Provided records:
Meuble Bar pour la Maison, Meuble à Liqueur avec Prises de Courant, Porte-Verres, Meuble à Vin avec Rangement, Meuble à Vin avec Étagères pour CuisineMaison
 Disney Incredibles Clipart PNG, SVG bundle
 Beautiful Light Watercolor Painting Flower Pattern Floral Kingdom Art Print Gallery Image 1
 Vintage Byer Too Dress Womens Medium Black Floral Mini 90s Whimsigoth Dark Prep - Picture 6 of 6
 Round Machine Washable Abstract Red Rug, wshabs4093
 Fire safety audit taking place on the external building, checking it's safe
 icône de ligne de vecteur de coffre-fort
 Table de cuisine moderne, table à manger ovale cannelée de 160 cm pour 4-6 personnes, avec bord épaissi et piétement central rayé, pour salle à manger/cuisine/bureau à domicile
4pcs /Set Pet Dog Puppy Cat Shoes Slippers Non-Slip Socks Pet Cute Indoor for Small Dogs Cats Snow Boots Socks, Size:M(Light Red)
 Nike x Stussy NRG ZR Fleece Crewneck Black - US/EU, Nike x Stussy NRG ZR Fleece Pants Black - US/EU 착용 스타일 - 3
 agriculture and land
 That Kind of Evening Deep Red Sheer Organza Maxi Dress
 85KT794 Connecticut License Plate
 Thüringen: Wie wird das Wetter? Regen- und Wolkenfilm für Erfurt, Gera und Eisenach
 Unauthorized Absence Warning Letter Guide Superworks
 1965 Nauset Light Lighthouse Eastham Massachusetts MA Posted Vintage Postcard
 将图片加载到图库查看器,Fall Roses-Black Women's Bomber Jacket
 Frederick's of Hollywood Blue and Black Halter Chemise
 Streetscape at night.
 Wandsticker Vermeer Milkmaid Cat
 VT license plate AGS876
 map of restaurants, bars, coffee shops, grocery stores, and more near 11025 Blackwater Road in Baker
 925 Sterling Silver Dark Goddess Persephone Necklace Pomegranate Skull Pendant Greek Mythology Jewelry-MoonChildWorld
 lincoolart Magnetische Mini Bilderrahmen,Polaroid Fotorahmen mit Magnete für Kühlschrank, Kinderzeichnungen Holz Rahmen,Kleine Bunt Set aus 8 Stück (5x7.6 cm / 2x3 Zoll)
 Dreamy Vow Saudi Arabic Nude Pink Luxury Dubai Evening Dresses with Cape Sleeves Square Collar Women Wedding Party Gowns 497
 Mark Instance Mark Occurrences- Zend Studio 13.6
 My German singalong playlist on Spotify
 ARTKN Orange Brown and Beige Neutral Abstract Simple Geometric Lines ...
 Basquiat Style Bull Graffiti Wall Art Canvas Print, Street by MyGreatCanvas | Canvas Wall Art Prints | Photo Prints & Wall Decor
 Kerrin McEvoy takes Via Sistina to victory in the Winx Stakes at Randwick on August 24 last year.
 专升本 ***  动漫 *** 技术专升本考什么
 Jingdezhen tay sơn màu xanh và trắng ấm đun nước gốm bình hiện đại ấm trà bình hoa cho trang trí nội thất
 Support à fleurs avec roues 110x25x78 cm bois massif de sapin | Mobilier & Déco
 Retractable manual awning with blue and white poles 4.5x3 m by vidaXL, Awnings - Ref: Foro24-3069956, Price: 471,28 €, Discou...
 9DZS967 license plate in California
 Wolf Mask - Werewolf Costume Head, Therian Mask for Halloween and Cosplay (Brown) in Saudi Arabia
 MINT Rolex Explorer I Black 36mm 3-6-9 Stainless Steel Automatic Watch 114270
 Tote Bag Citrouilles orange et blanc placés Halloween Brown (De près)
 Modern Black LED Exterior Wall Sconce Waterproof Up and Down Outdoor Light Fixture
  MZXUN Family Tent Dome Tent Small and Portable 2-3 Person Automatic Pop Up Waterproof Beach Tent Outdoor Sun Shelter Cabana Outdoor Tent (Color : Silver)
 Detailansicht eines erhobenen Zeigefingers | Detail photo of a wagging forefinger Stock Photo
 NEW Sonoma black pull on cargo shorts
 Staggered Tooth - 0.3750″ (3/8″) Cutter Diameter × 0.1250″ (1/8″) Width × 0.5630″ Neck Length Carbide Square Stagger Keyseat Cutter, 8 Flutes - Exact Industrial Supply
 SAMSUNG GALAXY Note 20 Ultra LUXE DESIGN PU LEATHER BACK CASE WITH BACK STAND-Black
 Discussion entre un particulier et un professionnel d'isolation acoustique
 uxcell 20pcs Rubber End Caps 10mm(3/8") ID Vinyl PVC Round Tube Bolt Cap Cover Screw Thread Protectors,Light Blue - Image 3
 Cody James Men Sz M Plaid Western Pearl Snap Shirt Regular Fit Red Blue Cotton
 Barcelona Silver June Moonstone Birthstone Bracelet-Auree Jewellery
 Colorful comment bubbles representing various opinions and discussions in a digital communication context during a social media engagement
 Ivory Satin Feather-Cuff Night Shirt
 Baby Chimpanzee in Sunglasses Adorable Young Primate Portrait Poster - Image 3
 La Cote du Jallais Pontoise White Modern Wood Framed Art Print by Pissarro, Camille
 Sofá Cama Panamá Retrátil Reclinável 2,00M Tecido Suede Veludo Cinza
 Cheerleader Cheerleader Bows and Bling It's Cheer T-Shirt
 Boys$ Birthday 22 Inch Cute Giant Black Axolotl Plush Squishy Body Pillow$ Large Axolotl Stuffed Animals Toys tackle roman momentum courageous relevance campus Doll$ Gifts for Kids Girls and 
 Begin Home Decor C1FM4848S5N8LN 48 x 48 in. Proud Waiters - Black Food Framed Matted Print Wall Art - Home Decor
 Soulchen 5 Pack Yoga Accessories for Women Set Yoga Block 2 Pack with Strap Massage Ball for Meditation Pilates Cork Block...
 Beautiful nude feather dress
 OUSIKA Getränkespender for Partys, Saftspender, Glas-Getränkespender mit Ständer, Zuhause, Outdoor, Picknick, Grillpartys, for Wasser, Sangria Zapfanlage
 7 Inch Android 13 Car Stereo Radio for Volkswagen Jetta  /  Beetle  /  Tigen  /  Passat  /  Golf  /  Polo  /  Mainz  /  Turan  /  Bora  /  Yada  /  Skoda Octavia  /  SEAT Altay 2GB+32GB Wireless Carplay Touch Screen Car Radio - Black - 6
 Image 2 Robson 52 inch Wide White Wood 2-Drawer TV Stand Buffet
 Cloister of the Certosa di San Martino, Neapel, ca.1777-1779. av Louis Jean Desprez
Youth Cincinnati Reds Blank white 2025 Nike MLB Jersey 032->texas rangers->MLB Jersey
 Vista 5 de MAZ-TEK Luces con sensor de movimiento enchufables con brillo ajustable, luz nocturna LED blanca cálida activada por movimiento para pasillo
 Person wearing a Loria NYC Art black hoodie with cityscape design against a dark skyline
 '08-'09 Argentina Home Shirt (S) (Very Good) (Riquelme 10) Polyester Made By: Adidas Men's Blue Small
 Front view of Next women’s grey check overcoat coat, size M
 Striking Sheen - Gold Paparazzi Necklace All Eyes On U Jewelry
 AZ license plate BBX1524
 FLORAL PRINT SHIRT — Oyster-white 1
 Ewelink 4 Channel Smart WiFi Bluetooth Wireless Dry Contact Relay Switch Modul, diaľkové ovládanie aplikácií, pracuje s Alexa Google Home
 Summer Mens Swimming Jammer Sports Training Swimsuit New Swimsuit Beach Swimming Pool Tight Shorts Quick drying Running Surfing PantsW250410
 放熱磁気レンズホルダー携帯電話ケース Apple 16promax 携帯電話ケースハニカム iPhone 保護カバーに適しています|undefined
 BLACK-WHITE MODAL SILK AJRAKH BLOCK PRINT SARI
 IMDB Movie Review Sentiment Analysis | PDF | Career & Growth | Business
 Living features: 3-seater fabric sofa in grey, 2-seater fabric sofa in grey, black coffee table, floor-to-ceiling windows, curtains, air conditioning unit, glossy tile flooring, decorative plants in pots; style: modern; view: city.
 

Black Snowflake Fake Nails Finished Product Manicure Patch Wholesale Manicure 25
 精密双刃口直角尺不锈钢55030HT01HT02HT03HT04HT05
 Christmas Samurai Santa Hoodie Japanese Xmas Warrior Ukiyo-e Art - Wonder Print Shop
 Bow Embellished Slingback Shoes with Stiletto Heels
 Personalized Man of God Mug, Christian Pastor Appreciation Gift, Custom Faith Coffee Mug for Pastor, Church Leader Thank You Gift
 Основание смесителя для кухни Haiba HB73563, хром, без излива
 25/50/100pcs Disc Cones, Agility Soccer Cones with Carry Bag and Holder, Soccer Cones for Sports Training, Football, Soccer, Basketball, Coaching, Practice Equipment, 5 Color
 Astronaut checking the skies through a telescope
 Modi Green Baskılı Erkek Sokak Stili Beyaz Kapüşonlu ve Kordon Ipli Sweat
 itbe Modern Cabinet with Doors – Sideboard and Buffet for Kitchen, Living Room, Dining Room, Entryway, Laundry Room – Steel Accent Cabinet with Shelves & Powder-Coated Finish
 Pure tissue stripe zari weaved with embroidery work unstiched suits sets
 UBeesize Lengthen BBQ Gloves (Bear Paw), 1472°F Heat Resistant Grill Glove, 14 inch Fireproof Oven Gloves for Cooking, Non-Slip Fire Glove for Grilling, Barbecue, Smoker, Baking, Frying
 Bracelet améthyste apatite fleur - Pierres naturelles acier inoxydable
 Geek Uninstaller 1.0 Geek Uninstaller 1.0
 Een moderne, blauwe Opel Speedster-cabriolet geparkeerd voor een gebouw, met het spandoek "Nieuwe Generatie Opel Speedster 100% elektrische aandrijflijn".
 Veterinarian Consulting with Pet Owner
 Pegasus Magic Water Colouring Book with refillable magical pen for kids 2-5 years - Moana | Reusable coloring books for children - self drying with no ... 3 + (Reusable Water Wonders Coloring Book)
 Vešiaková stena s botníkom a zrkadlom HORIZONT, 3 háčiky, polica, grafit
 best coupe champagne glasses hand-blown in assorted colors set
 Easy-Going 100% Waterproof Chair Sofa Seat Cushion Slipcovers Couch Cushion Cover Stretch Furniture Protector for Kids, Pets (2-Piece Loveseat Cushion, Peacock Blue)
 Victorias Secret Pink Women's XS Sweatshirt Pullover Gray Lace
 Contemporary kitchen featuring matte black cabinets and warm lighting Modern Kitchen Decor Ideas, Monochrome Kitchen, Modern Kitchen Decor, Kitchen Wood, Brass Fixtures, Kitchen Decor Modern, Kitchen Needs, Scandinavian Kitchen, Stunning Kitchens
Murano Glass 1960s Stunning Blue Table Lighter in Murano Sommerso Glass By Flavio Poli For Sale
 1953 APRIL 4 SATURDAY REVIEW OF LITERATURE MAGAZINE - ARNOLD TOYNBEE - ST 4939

What you are asked to do: Of the entries listed above, reproduce only the lines starting at the line containing "Wandsticker Vermeer Milkmaid Cat" and ending at the line containing "Detailansicht eines erhobenen". Include both, exactly as they stand.

Result of this exercise:
 Wandsticker Vermeer Milkmaid Cat
 VT license plate AGS876
 map of restaurants, bars, coffee shops, grocery stores, and more near 11025 Blackwater Road in Baker
 925 Sterling Silver Dark Goddess Persephone Necklace Pomegranate Skull Pendant Greek Mythology Jewelry-MoonChildWorld
 lincoolart Magnetische Mini Bilderrahmen,Polaroid Fotorahmen mit Magnete für Kühlschrank, Kinderzeichnungen Holz Rahmen,Kleine Bunt Set aus 8 Stück (5x7.6 cm / 2x3 Zoll)
 Dreamy Vow Saudi Arabic Nude Pink Luxury Dubai Evening Dresses with Cape Sleeves Square Collar Women Wedding Party Gowns 497
 Mark Instance Mark Occurrences- Zend Studio 13.6
 My German singalong playlist on Spotify
 ARTKN Orange Brown and Beige Neutral Abstract Simple Geometric Lines ...
 Basquiat Style Bull Graffiti Wall Art Canvas Print, Street by MyGreatCanvas | Canvas Wall Art Prints | Photo Prints & Wall Decor
 Kerrin McEvoy takes Via Sistina to victory in the Winx Stakes at Randwick on August 24 last year.
 专升本 ***  动漫 *** 技术专升本考什么
 Jingdezhen tay sơn màu xanh và trắng ấm đun nước gốm bình hiện đại ấm trà bình hoa cho trang trí nội thất
 Support à fleurs avec roues 110x25x78 cm bois massif de sapin | Mobilier & Déco
 Retractable manual awning with blue and white poles 4.5x3 m by vidaXL, Awnings - Ref: Foro24-3069956, Price: 471,28 €, Discou...
 9DZS967 license plate in California
 Wolf Mask - Werewolf Costume Head, Therian Mask for Halloween and Cosplay (Brown) in Saudi Arabia
 MINT Rolex Explorer I Black 36mm 3-6-9 Stainless Steel Automatic Watch 114270
 Tote Bag Citrouilles orange et blanc placés Halloween Brown (De près)
 Modern Black LED Exterior Wall Sconce Waterproof Up and Down Outdoor Light Fixture
  MZXUN Family Tent Dome Tent Small and Portable 2-3 Person Automatic Pop Up Waterproof Beach Tent Outdoor Sun Shelter Cabana Outdoor Tent (Color : Silver)
 Detailansicht eines erhobenen Zeigefingers | Detail photo of a wagging forefinger Stock Photo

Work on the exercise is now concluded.